Interviewer: The client has identified two such groups of “chronic non-voters”: senior citizens, age 65 and over; and young professionals between the ages of 25 and 35.
Candidate: That is very helpful. I would now like to understand if e-voting will help to increase participation rates in these two groups. In order to do this, it would be helpful to understand why these two groups have lower participation rates to begin with. My hypothesis is that mobility may be a problem with the senior citizens, while busy schedules might avert the young professionals from voting.
If this were the case, e-voting would address both these problems. Participating from a remote location might be possible with Internet voting. This should increase senior citizen participation. In addition, remote e-voting is less time consuming than voting in physical booths. This should increase professional participation rates.
Interviewer: But e-voting is not without its disadvantages. What are some of these?
Candidate: There are at least three major disadvantages. First, security remains problematic. While electronic signatures are now legal, confirming identity remains a problem on the Internet. Second, there is the issue of connectivity and access. While the young professionals probably have a higher Internet penetration, the senior citizens may not all have access. Third, there remains the issue of benefit versus cost.
Interviewer: What can our client do to address these problems?
Internet security is a huge issue, and you know that governments and various private organizations are looking at it. You’re not sure what a state or city government can do to add to this discussion.

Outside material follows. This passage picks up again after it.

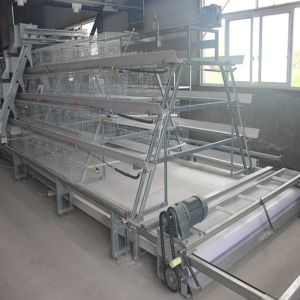 China SONCAP Poultry Broiler Chicken Cage Equipment Coop For Layer on sale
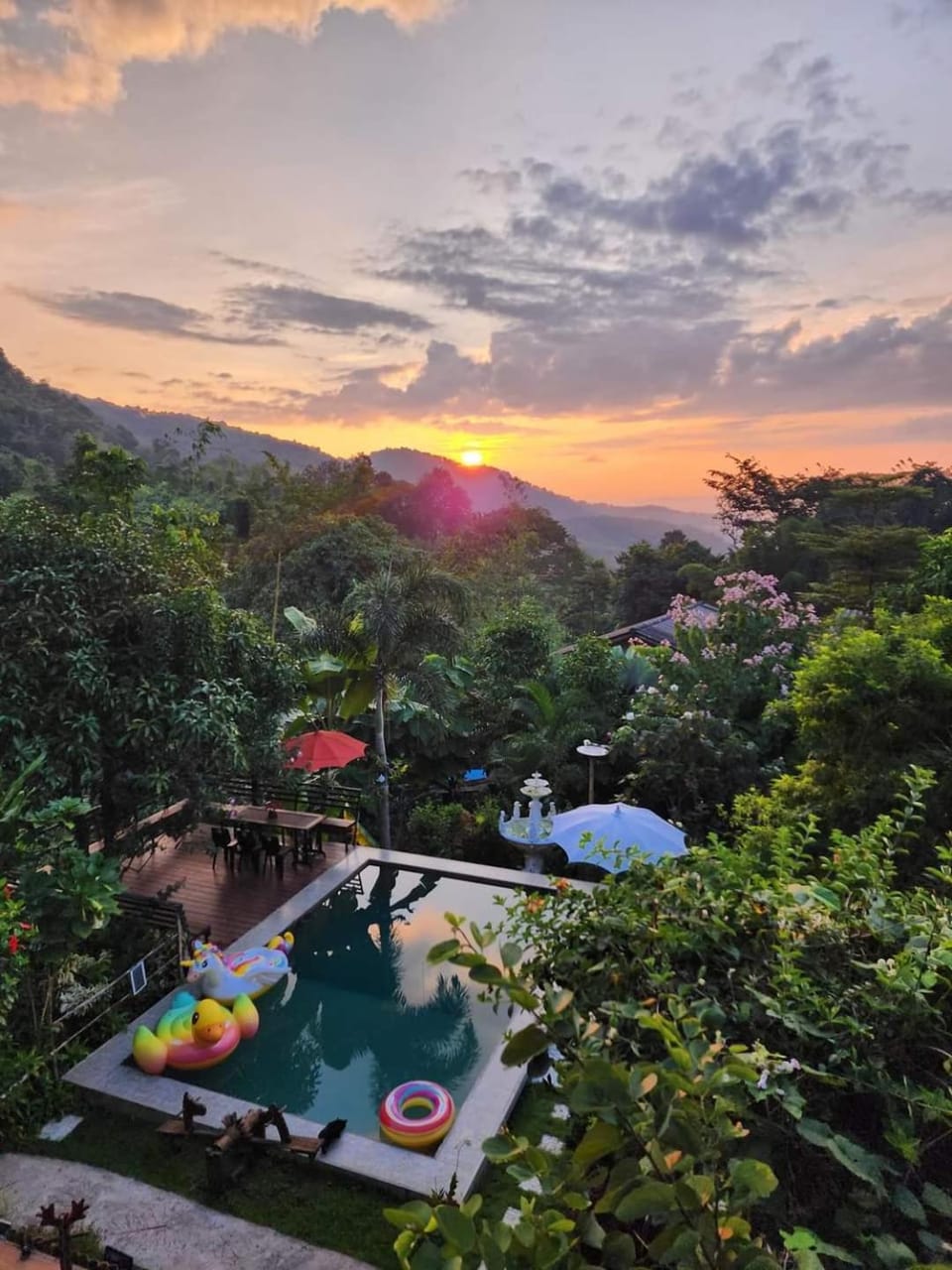 Natural landscape, Garden, Garden view, Mountain view, Swimming pool, Sunrise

Candidate: There is little our client can do unilaterally to tackle the issue of security. This is a much larger problem that needs to be resolved. I would recommend that our client avoid taking a seat at this table, but follow the progress closely. I would expect that at some point reasonable and cost-effective solutions to this problem would be invented.
Interviewer: And access?
Access is a big problem. Not everybody has a computer. You realize that if non-voters have access to the Internet, then it’s not a problem. If they don’t, then it’s a problem, so try to make some suggestions of getting around it.
Candidate: Access is a problem. Our client has to determine if a significant proportion of non-voters has access to the Internet or not. If so, then it would make targeting them to participate in elections much easier. If not, then there might be ways in which increasing access might be possible – for instance, using school and library computers to allow individuals to vote.
This actually has to deal with another issue. I see e-voting as a solution to increasing turnout. If specific demographic groups have been identified, marketing and advertising campaigns can target these groups, urging them to participate.
My guess would be that voters in the 25 to 35 demographic would be more likely to vote as a result of this initiative, as the constraint on their voting is most likely time and not mobility.
Interviewer: And benefit versus cost?
Here’s where you have to consider if the additional cost of providing e-voting is justified by the increase in the number of voters the system attracts.
Candidate: The cost of an e-voting system should be relatively simple to estimate. The major components would be the cost of technology, and administration. A revealing cost metric might be the expense incurred per additional voter. The state also has to consider if it has the budget to fund this project, or if it can free the funds required and create a budget for it. There might also be some sort of federal initiative to increase voter turnout, which could help fund this project.
The benefits are harder to measure. I would expect that as participation rates increase, marginal benefits of inclusion fall. In other words, a state beginning with a lower participation rate would have a higher marginal benefit from this system than a state with a higher rate.